─── AVAILABLE RECORDS
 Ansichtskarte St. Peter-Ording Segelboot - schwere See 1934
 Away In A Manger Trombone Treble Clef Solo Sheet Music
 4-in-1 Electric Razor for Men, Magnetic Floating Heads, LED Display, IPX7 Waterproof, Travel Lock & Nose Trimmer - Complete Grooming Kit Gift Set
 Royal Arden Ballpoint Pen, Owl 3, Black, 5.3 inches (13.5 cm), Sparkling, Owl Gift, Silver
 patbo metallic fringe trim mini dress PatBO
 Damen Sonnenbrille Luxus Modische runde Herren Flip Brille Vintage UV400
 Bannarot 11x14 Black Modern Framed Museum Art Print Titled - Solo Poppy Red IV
──────
ABOUT THIS TASK ▸ The response should be an exact repeat of the data above.

EXERCISE RESPONSE ▸
 Ansichtskarte St. Peter-Ording Segelboot - schwere See 1934
 Away In A Manger Trombone Treble Clef Solo Sheet Music
 4-in-1 Electric Razor for Men, Magnetic Floating Heads, LED Display, IPX7 Waterproof, Travel Lock & Nose Trimmer - Complete Grooming Kit Gift Set
 Royal Arden Ballpoint Pen, Owl 3, Black, 5.3 inches (13.5 cm), Sparkling, Owl Gift, Silver
 patbo metallic fringe trim mini dress PatBO
 Damen Sonnenbrille Luxus Modische runde Herren Flip Brille Vintage UV400
 Bannarot 11x14 Black Modern Framed Museum Art Print Titled - Solo Poppy Red IV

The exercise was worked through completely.